Berufung auf die Uno-Charta als möglicher Ausweg
Dabei gäbe es eine sehr einfache Regelung, um diese komplizierten und moralisch fragwürdigen Hürden für praktische Hilfeleistungen an völkerrechtswidrig attackierte Staaten beiseitezuschieben. Die Schweizer Regierung müsste die Möglichkeit haben, sich bei ihren diesbezüglichen Entscheidungen auf die Uno-Charta zu berufen, die auch die Schweiz 2021 als Uno-Vollmitglied unterschrieben hat. In dieser Charta wird in einem Kriegsfall klar zwischen Aggressor und dessen Opfer unterschieden. Das Opfer hat gemäss Punkt 51 der Uno-Charta das Recht zur militärischen Verteidigung und es kann dabei ausdrücklich auch von anderen Mitgliedsländern unterstützt werden. Wer im Ukraine-Krieg der Angreifer und wer dessen Opfer ist, darüber verbreiten nur die Putin-Propagandisten und deren anbiedernde Nachbeter notorische Lügen oder scheinheilige Zweifel.

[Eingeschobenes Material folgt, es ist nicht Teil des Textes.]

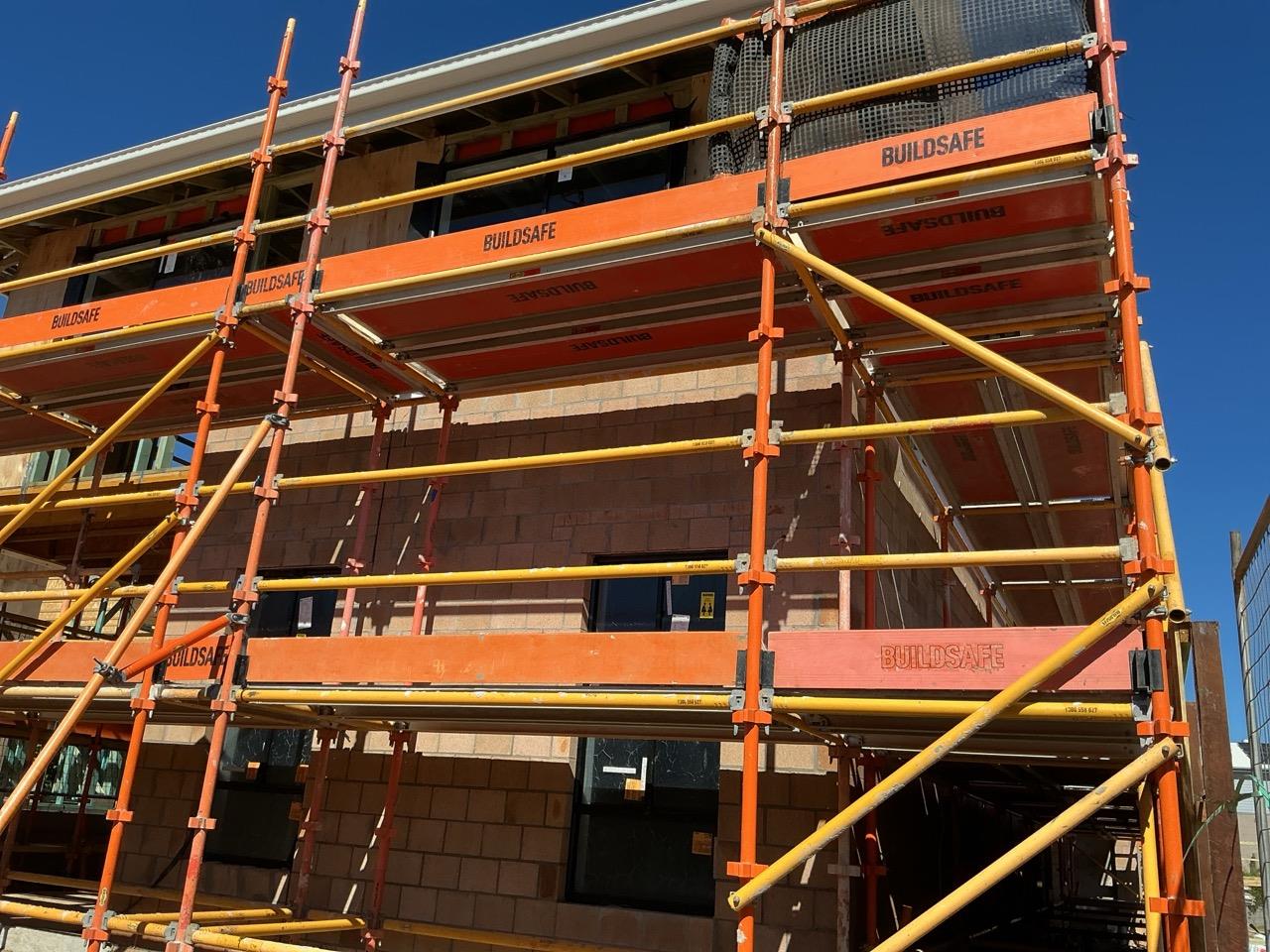 Has the roof rail been adjusted to install on roof components?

Die Berufung auf die Uno-Charta als Handlungsgrundlage für die Praktizierung einer gradlinigen und glaubwürdigen Neutralitätspolitik mag zwar noch in weiter Ferne liegen, obwohl ernsthafte Stimmen innerhalb und ausserhalb des Parlaments schon seit langem dafür plädieren – und sogar der Bundesrat sich beim Nachvollzug der EU-Wirtschaftssanktionen gegenüber Russland darauf berufen hat. Das Argument, dass verweigerte Hilfe für ein angegriffenes Land in der logischen Konsequenz nicht Neutralität bedeutet, sondern im Gegenteil dem Aggressor in die Hände arbeitet, lässt sich kaum stichhaltig widerlegen.

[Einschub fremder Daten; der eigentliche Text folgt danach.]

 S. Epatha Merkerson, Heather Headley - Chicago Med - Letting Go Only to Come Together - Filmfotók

Verschobene Patriot-Lieferungen für die Schweiz?
Aber es gäbe im Grunde noch andere Möglichkeiten, um die Ukraine in ihrem Existenzkampf zur Abwehr der mörderischen russischen Raketen und Drohnenangriffe wirkungsvoll zu unterstützen. Wie wäre es, wenn die Schweizer Regierung ihre allgemeine Finanzhilfe an Kiew grosszügig aufstocken würde, damit die Ukraine zusätzliche Abwehrsysteme erwerben könnte? Denkbar wäre schliesslich, dass Gelder zu diesem Zweck auch durch private Initiativen in Europa gesammelt würden. Wie der «Spiegel» dieser Tage berichtete, setzt sich der deutsche Verteidigungsminister Boris Pistorius energisch dafür ein, bei befreundeten Ländern Finanzkanäle zur Weitergabe von Luftabwehr-Kapazitäten für die Ukraine zu aktivieren und zu koordinieren. Ob er sich mit diesem Anliegen auch schon an die Schweiz gewandt hat, ist unbekannt.
Unklar bleibt auch, ob die Übergabe der von der Schweiz bestellten Patriot-Systeme, die ab 2026 beginnen sollte, nun zeitlich tatsächlich zurückgestellt wird, damit zunächst die Ukraine vorrangig mit diesen Abwehrbatterien beliefert werden kann. Entsprechende Verhandlungen mit den amerikanischen Produzenten sind im vergangenen Jahr geführt worden. Für die Schweiz würde jedenfalls kein plausibler Grund bestehen, sich einer solchen Verschiebung entgegenzustellen. Schliesslich ist es die Ukraine, die pausenlos von russischen Raketen, Drohnen und Flugzeugen attackiert wird und nicht die weit davon entfernte wohlhabende Schweiz. Und wer die Ukraine bei der Abwehr dieser infamen Aggression unterstützt, trägt in einem weiteren Sinne auch zur eigenen Sicherheit bei. Oder glaubt jemand im ernst, Europa werde friedlicher, wenn Putin - wie einst in sowjetischen Zeiten - in Kiew eine Kreml-Marionette installiert hat?